(1856–1906), painter. Sándor Bihari (known as Alexander in the West) was one of the leading artists of late nineteenth-century Hungary, and a major representative of that country’s realist school of the 1880s. Although Bihari did not use specifically Jewish themes in his work, his career epitomized the contributions of Jews to Hungarian culture. Born in Rézbánya, a small town in Bihar county, he later lived in Debrecen and Nagyvárad (Rom., Oradea). Bihari was among the scores of Jews who freed themselves from the squalor of small-town life by utilizing their cultural and artistic abilities. In 1878, he made his way to Vienna where he studied painting under Carl Wurzinger and other Geneva masters; in Paris, he studied under Jean-Paul Laurens.
Bihari returned to Hungary in 1885. In the spring of 1886, he painted A Biró elött (Before the Judge), which won the grand prize at the Hungarian National Fine Art Society and was subsequently purchased by Emperor Franz Joseph. After another year with Laurens, he studied in Italy before returning to Hungary. His preferred region as a subject for painting was the Szolnok area.
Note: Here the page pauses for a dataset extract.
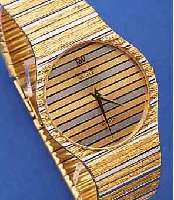 RAYMOND WEIL HERRENARMBANDUHR, SCHWEIZ UM 1985, METALLGEH. U. BAND HARTVERG., HIGH- TECH-QUARTZW., DESIGN VON BAND IM LüNETTE U. ZIFFERBL. ...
Bihari’s early works reflected the influence of Munich realism. During his German period in the 1870s, his paintings contained realistic depictions of local scenes and humorist genre portraits of Hungarian folk life. He spent most of his later years (after 1892) with the Szolnok Group, an artist colony in the Great Hungarian Plains; his associates there included Bertalan Karlovszky and Mark Rubivics. During this period, his style gravitated toward pleinairism, and the sharp, diverse characteristics and honest humor in his work reached full development, with color effects that resembled those of impressionism. His major works included Paraszt fiu (Young Peasant, also called The Melon-Eater; exact date unknown), A Zagyva partján (On the Banks of the River Zagyva; 1890s), Vasárnap délután (Sunday Afternoon; 1893), A tornácon (On the Veranda; ca. 1900), and Öreg asszony (Old Lady; ca. 1900). He also painted portraits of himself, Adolf Ágai, and Karóly Eötvös, who led the defense in the famous Tiszaeszlár trial. Bihari converted to Christianity on his deathbed.
Péter Ujvári, ed., “Bihari Sándor,” in Magyar Zsidó Lexikon, pp. 122–123 (Budapest, 1929); Salomon Wininger, ed., “Sándor Bihari,” in Grosse jüdische National-Biographie, vol. 3, p. 376 (Liechtenstein, 1979).